Assistant Dean, Yo San University, Los Angeles, CA
Title: Strengths, Weaknesses, Opportunities and Threats of Traditional Chinese Medicine in California: SWOT Analysis using Qualitative Research
Dr. Farshid Towfighi Namin, MD, MPH, DAOM, LAc enjoys the high profile in fields of Health, Safety and Management. He is leading expert in international disaster response. He has participated in numerous international training and certification programs for senior-level emergency responders, Environmental Health and Safety. His area of interest is Acupuncture and Oriental Medicine and biostatistics, and practicing as licensed acupuncturist in California. He joined Expert Committee of Chinese Medicine in UCLA, Public Health School on June 13, 2018. Now Dr Farshid is assistant dean of doctoral program in Yo San University, Los Angeles, California.

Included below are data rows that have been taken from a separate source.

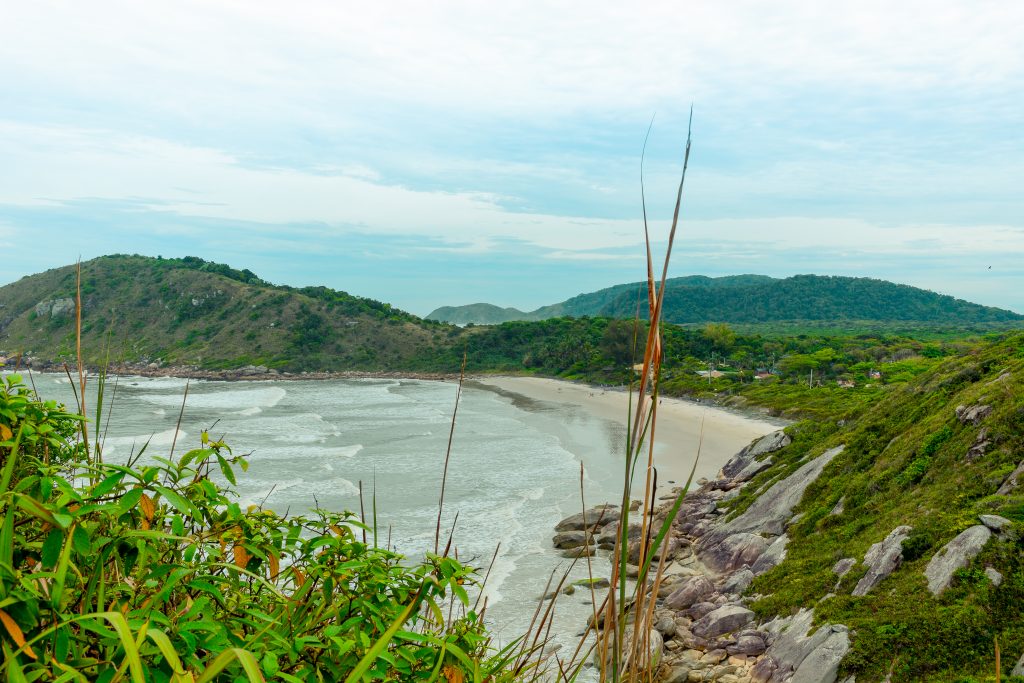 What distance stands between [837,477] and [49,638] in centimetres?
1318

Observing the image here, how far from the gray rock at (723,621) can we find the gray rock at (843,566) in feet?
4.96

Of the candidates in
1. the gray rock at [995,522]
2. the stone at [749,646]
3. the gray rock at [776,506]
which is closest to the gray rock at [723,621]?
the stone at [749,646]

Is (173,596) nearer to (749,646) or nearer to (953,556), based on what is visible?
(953,556)

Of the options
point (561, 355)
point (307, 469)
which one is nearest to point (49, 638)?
point (307, 469)

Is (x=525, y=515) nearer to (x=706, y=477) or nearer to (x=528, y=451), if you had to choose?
(x=706, y=477)

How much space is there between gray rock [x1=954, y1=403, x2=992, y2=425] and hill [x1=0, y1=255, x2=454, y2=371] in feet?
259

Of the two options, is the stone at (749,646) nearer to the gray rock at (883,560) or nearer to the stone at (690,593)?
the gray rock at (883,560)

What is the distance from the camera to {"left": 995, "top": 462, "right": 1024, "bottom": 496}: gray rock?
785cm

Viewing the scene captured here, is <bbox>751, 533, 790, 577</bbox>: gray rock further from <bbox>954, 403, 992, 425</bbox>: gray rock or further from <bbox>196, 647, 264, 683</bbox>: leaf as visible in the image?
<bbox>196, 647, 264, 683</bbox>: leaf

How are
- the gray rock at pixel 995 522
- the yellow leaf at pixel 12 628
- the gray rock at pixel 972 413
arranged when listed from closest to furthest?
the yellow leaf at pixel 12 628 → the gray rock at pixel 995 522 → the gray rock at pixel 972 413

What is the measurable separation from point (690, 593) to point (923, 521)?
14.0ft

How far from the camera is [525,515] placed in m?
19.8

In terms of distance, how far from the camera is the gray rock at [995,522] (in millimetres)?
6941

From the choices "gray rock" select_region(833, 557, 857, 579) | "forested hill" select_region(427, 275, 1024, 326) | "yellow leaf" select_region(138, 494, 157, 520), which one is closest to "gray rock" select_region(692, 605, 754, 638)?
"gray rock" select_region(833, 557, 857, 579) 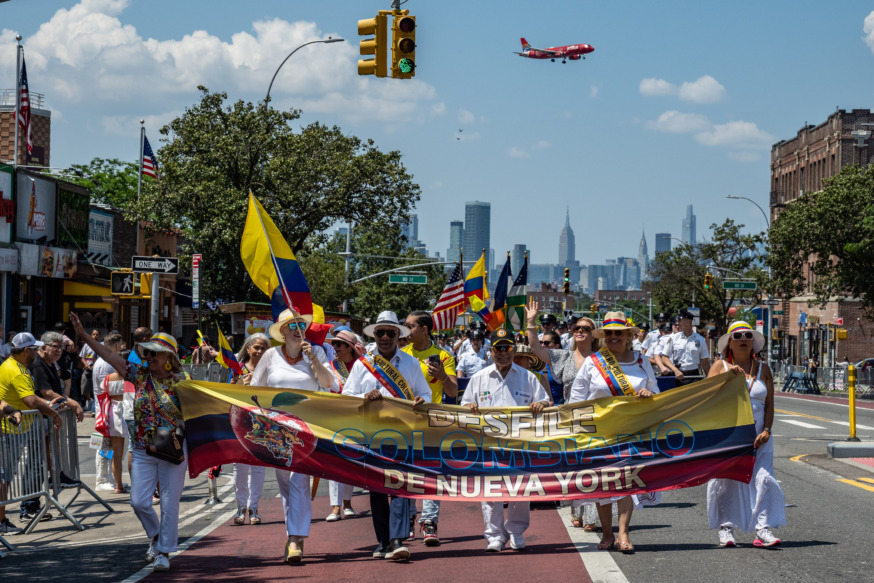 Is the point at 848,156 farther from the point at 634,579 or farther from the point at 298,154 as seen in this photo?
the point at 634,579

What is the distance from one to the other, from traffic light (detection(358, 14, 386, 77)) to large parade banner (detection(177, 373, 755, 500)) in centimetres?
855

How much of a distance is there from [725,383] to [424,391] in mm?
2486

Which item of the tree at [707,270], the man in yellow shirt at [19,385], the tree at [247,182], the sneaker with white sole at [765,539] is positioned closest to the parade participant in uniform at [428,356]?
the sneaker with white sole at [765,539]

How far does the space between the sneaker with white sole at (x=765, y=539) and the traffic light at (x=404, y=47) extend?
31.7 ft

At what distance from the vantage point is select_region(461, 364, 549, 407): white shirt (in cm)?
923

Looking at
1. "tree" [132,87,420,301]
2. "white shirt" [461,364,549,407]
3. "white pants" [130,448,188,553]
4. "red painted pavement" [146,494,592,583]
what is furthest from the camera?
"tree" [132,87,420,301]

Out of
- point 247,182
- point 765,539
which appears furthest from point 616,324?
point 247,182

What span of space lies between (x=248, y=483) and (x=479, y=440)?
9.19ft

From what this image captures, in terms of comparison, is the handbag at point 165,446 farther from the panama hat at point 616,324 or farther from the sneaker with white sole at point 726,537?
the sneaker with white sole at point 726,537

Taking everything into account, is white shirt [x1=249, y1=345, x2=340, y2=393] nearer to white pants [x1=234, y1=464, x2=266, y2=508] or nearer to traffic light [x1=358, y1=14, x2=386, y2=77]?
white pants [x1=234, y1=464, x2=266, y2=508]

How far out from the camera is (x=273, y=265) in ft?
32.3

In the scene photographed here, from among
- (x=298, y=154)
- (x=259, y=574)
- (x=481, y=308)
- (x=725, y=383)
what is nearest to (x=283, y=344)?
(x=259, y=574)

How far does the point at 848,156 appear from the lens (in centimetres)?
6875

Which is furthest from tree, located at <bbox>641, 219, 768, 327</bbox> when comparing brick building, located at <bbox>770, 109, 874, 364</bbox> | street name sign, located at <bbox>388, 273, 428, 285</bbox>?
street name sign, located at <bbox>388, 273, 428, 285</bbox> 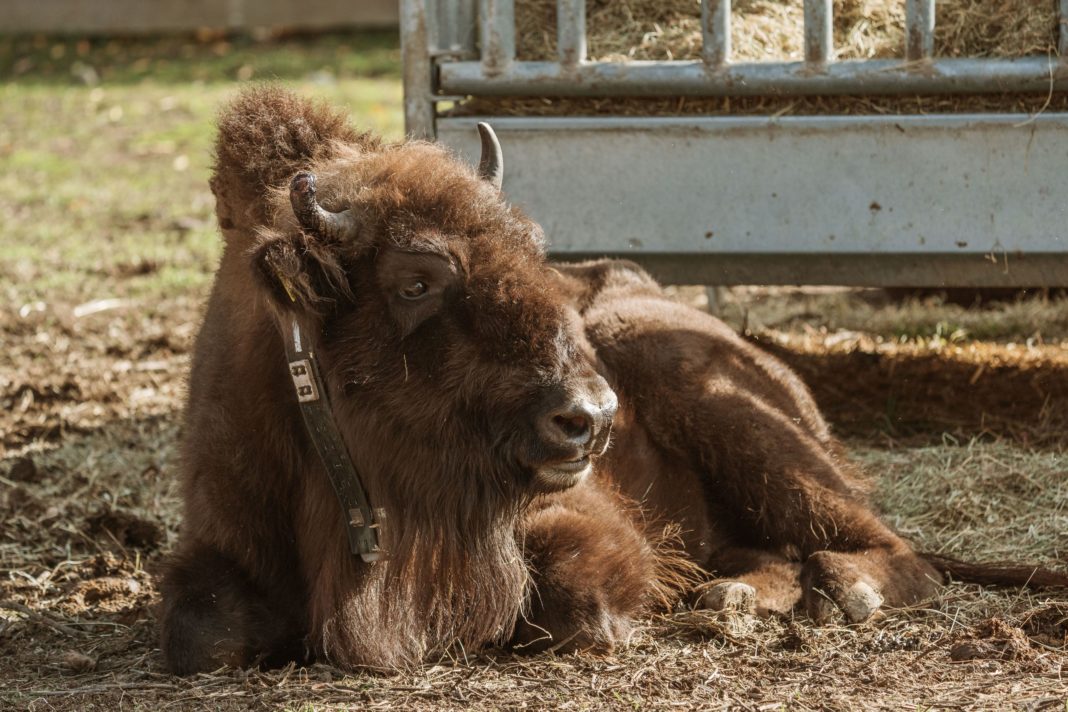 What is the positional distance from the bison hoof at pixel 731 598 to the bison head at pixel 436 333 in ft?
3.15

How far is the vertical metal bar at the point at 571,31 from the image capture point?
19.9ft

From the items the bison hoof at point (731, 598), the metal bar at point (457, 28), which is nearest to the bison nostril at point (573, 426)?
the bison hoof at point (731, 598)

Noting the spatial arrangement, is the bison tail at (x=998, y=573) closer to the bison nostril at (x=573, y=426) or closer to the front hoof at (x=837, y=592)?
the front hoof at (x=837, y=592)

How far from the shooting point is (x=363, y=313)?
13.3ft

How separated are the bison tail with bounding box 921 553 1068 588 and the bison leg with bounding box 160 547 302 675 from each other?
2.34 metres

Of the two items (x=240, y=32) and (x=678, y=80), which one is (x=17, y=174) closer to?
(x=240, y=32)

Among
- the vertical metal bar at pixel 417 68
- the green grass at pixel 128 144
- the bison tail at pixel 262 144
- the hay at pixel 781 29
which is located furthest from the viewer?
the green grass at pixel 128 144

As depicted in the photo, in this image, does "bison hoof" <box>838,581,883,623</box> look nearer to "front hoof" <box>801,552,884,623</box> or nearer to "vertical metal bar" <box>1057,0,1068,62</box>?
"front hoof" <box>801,552,884,623</box>

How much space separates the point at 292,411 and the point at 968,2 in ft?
12.8

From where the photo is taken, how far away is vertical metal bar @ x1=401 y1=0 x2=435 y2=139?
20.6 feet

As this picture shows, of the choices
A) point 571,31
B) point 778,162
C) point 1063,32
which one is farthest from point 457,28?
point 1063,32

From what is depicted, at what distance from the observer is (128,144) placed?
46.5 feet

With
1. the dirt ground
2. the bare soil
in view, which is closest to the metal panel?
the bare soil

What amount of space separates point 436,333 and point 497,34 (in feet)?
8.47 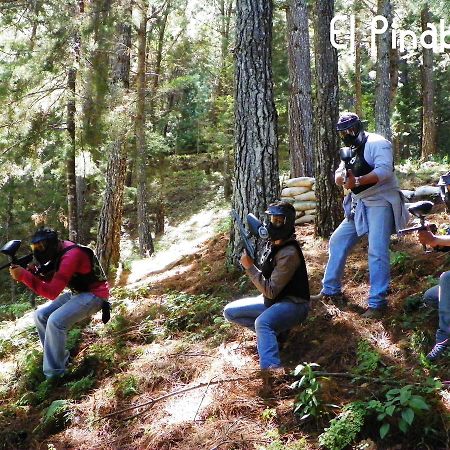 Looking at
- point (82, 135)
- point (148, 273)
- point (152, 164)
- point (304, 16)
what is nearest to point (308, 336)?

Traditional Chinese Medicine (TCM) is a growing profession in California, with huge capacity, diversity and some challenges. The purpose of this study was to identify the significant factors of strengths, weakness, opportunities and threats, explore new strategic directions, solutions and priorities to develop TCM practice in California. Method: A questionnaire was designed for online survey and its content validity and reliability reviewed with test-retest. Standardized questionnaire (p=0.05) was posted in surveymonkey and eighty-six responses’ data was analyzed. Twelve in-depth interviews with experts were conducted and related literature was reviewed, too. Results: The main strengths is well-educated TCM practitioners (76%), main weakness is insurance compensations not enough (74%), main opportunity is growing public awareness about TCM (85%) and main challenge is lack of public education about the benefit of TCM for patients (73%). Adding different acupuncture style to TCM has a significant effect on the belief that TCM is a fragmentation practice. (P=0.05) There is significant difference between self-pay and not self-pay practitioners about the belief on TCM as low cost/affordable treatment, (p value=0.03) and also there is significant difference on belief on TCM business saturation among pioneer and non-pioneer practitioners. (P value=0.04) Conclusion: TCM can be fit widely in public health system and provides patients freedom to choose their medical provider. However, the link between TCM and western medicine is poorly defined, insurance reimbursement remains not enough and educational shortages should be addressed. Public awareness and media exposure are considered as priorities, acupuncture associations should be strengthened and more active members and lobbyists are needed to promote the profession. TCM profession should develop a joint strategic plan by all stakeholders, and improves its leadership and communication and creating stronger TCM practitioner network.